Segment Start: Data supplied

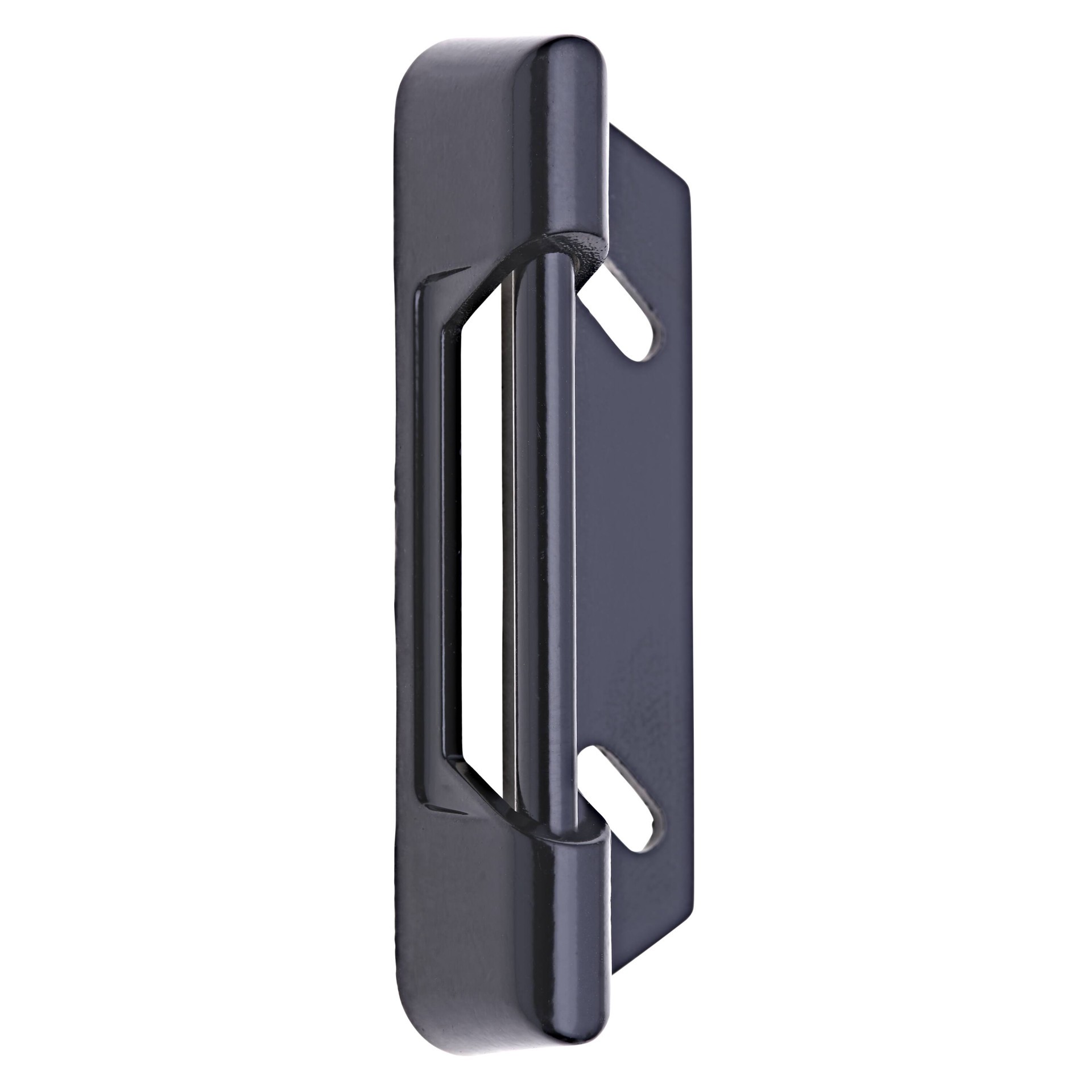 slide 6 of 6, WRIGHT PRODUCTS 2.6-in Wright Products Black Aluminum Screen/Storm door strike plate, 1 ct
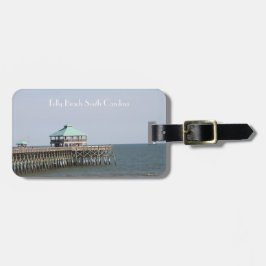 フォリービーチSC、Pier、Charleston、写真 ラゲッジタグ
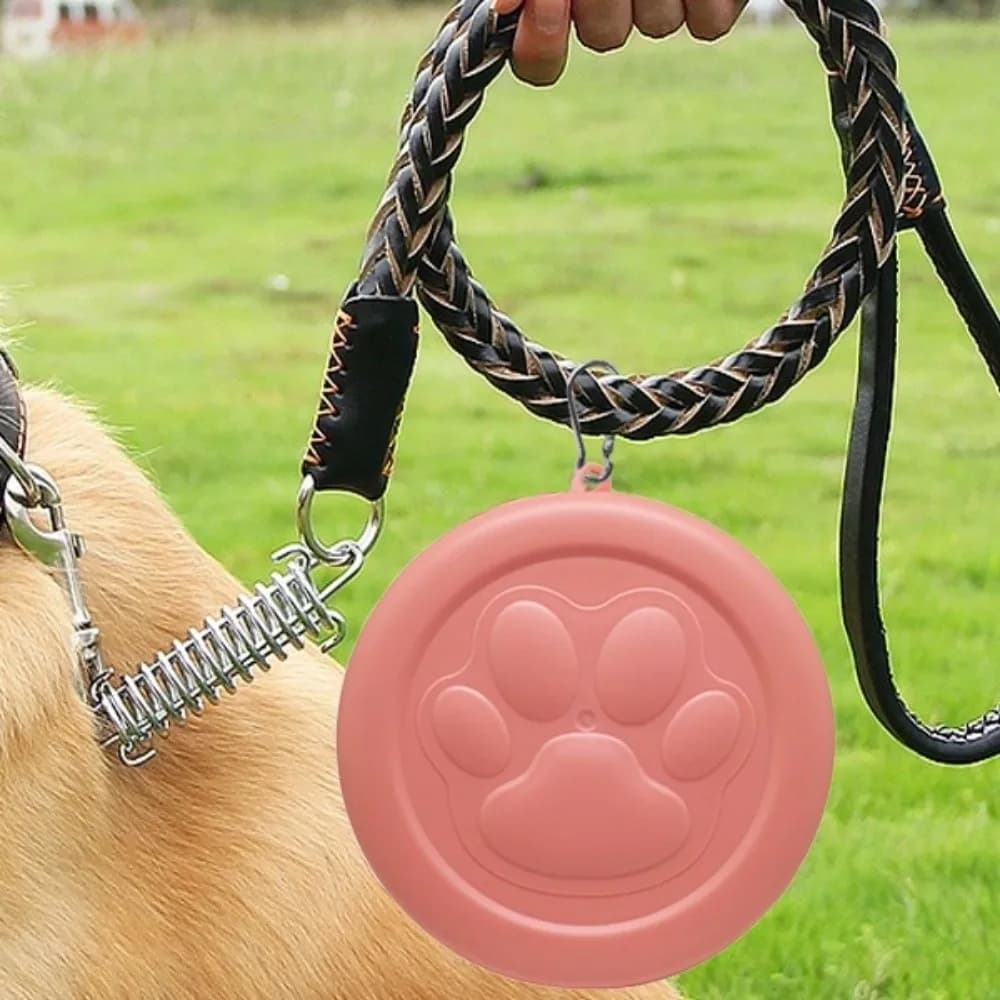 Ciotola da Viaggio per Cani a Doppio Uso, Portatile e Antigoccia, Pieghevole con Coperchio, per Uso Esterno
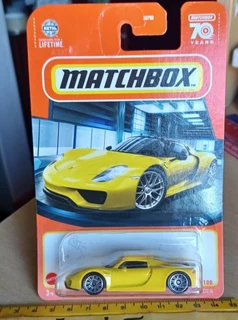 2022 Matchbox ~ 77/100 Porsche 918 Spyder ~ Mint on Long Card
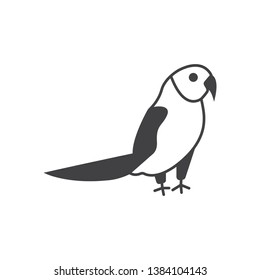 Parrot icon- vector sign symbol. Parrot illustration.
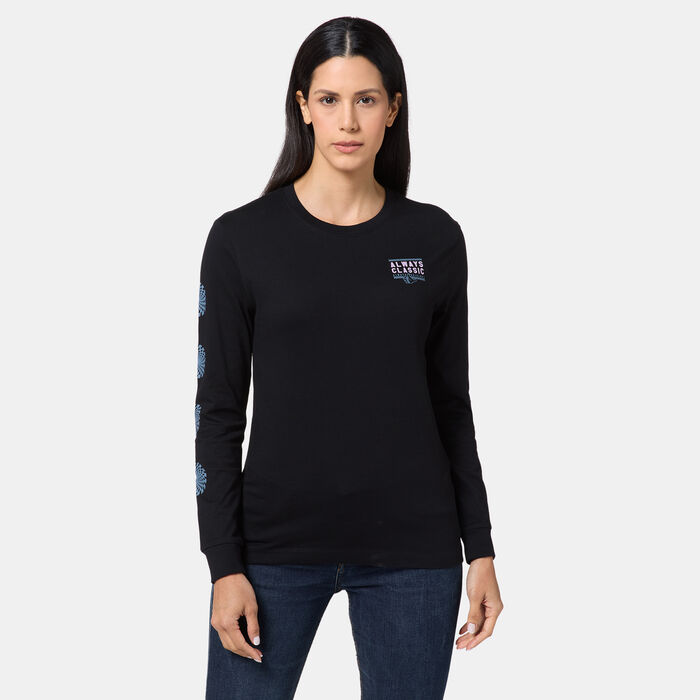 Vans Women's Always Classic BFF Sweatshirt Black image number 0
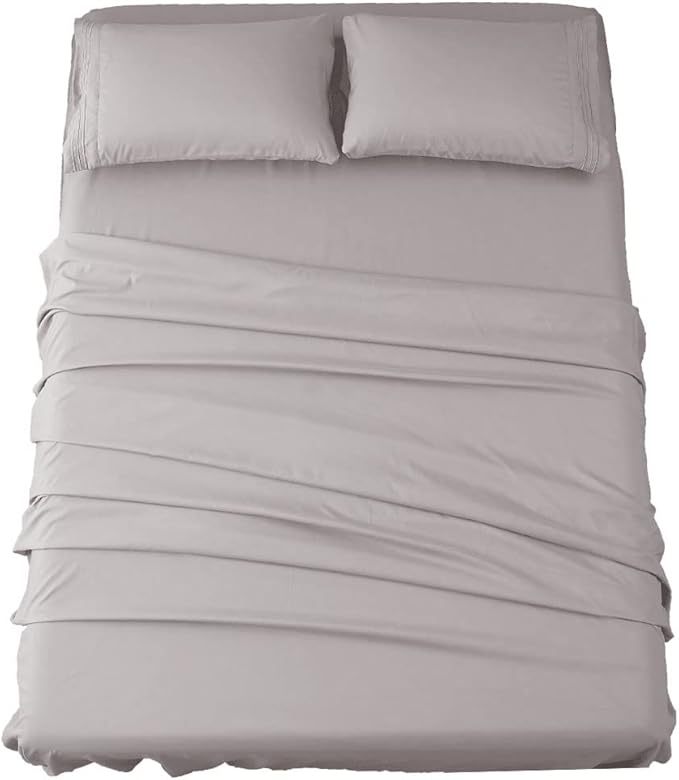 SONORO KATE Bed Sheet Set Super Soft Microfiber 1800 Thread Count Luxury by SONOROKATE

Segment End: Data supplied

◆ **The task**
The answer must be an exact reproduction of the records, with every picture left out.

◆ **Task output**
 slide 6 of 6, WRIGHT PRODUCTS 2.6-in Wright Products Black Aluminum Screen/Storm door strike plate, 1 ct
 フォリービーチSC、Pier、Charleston、写真 ラゲッジタグ
 Ciotola da Viaggio per Cani a Doppio Uso, Portatile e Antigoccia, Pieghevole con Coperchio, per Uso Esterno
 2022 Matchbox ~ 77/100 Porsche 918 Spyder ~ Mint on Long Card
 Parrot icon- vector sign symbol. Parrot illustration.
 Vans Women's Always Classic BFF Sweatshirt Black image number 0
 SONORO KATE Bed Sheet Set Super Soft Microfiber 1800 Thread Count Luxury by SONOROKATE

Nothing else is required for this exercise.